According to anonymous sources cited by WSJ, Deloitte reached out to investment bankers at Goldman Sachs after news broke last month of EY’s potential split. Goldman Sachs is also advising EY on its split planning, which has been initiated as regulators increasingly scrutinize the audit independence and quality of the Big Four.

The SEC is currently investigating potential conflicts of interest at the big accountancies and has warned against creatively skirting regulations relating to concurrent provision of audit and consulting.

Following the collapse of Arthur Andersen and the resulting Sarbanes-Oxley law, auditors were barred from providing consulting services to audit clients.

Deloitte looks into consulting business spinoff

A split of audit and consulting businesses would allow the separate companies to operate more freely and with reduced compliance risk. An IPO of a Big Four firm’s consulting business would also generate a massive windfall for the partner-owners of the company.

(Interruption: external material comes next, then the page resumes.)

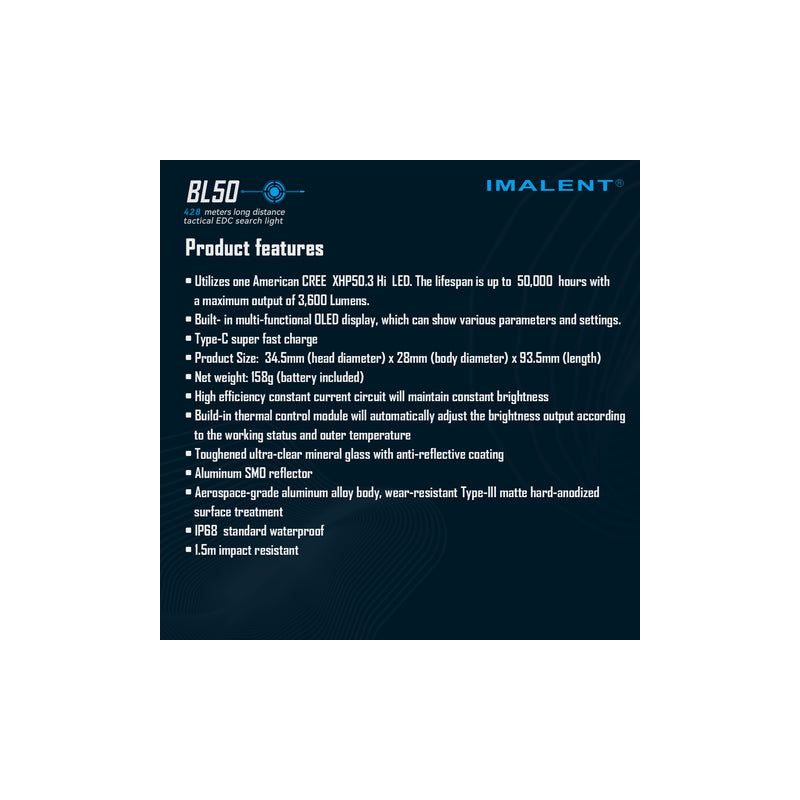 Lampe de poche LED IMALENT BL50 3600 lumens rechargeable Type-C pour aventures en plein air design compact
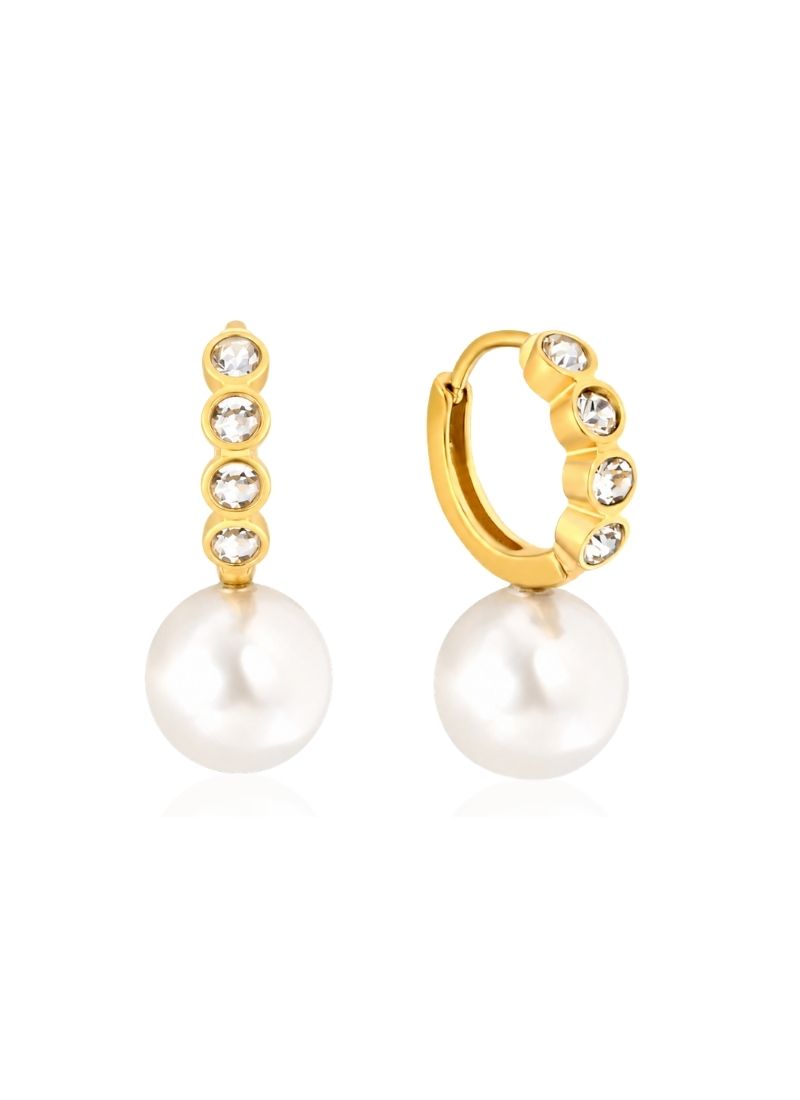 Pearl Glow Hoop Earrings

Deloitte’s actions toward a global split are still at a “very early, exploratory stage,” according to WSJ’s sources.

When asked about their own plans for a split when EY’s plans leaked last month, the remaining Big Four members, including Deloitte, said they were not considering dividing their businesses.

As in the case of EY, the spin-off of the revenue-driving consulting business may face stiffer resistance from audit partners, depending on the size of their payout.

The resulting independent audit business would likely remain a partnership, and would retain the business’s lower margins and revenue growth compared to consulting and tax services. It may also have trouble attracting and retaining talent.

Deloitte’s consulting and tax businesses generate close to $40 billion annually versus $10.5 billion for audit.

EY, meanwhile, appears to be moving ahead with its split strategy, according to WSJ’s sources. The firm plans to put a formal proposal to its 12,000 global partners by late summer. It would take at least 18 months for any spin-off to complete, with the likeliest option being an IPO of the consulting business.